§ Your assignment
Below are entries; copy exactly the lines from the one with "Tượng đá Thần" through the one with "Suffolk Fedora Fawn Side Feather - Camel", both included, and leave out the rest.

§ Data for processing
Segment Open

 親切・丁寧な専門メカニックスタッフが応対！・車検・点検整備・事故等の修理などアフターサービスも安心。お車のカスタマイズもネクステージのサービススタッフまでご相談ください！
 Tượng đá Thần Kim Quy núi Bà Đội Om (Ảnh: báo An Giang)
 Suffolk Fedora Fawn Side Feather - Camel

Segment Closed
Segment Open

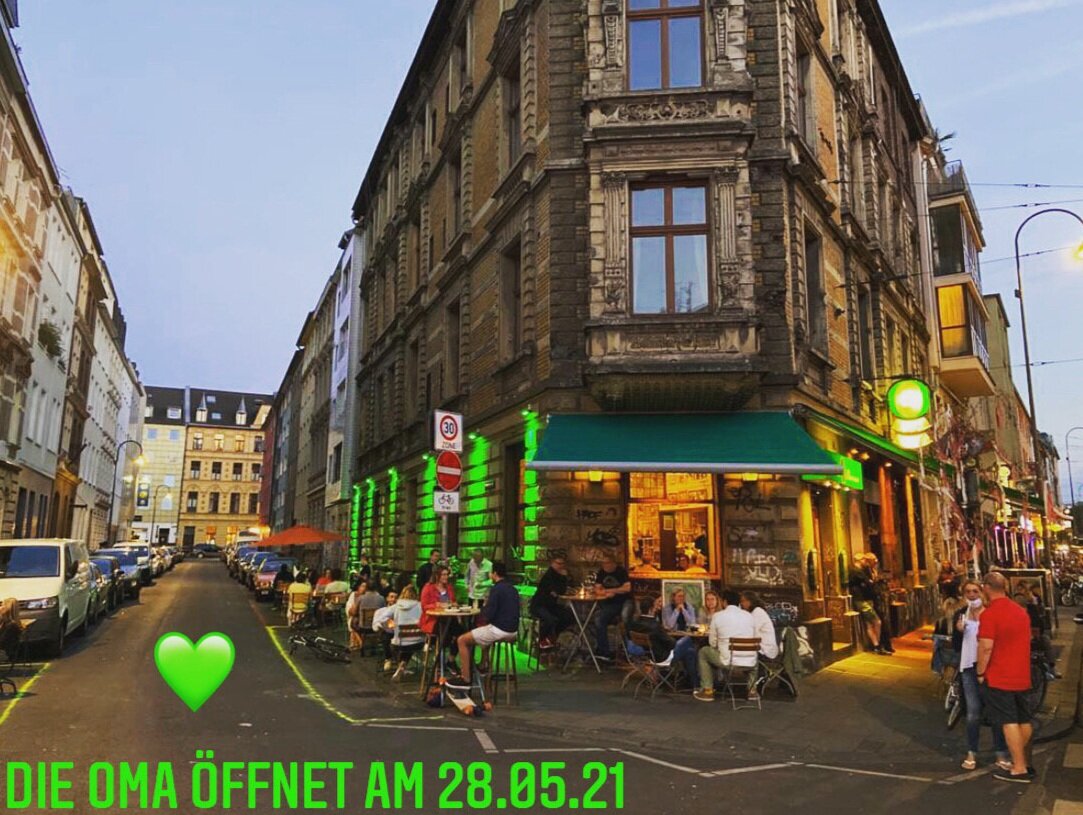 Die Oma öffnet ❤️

Segment Closed

§ Answer section
 Tượng đá Thần Kim Quy núi Bà Đội Om (Ảnh: báo An Giang)
 Suffolk Fedora Fawn Side Feather - Camel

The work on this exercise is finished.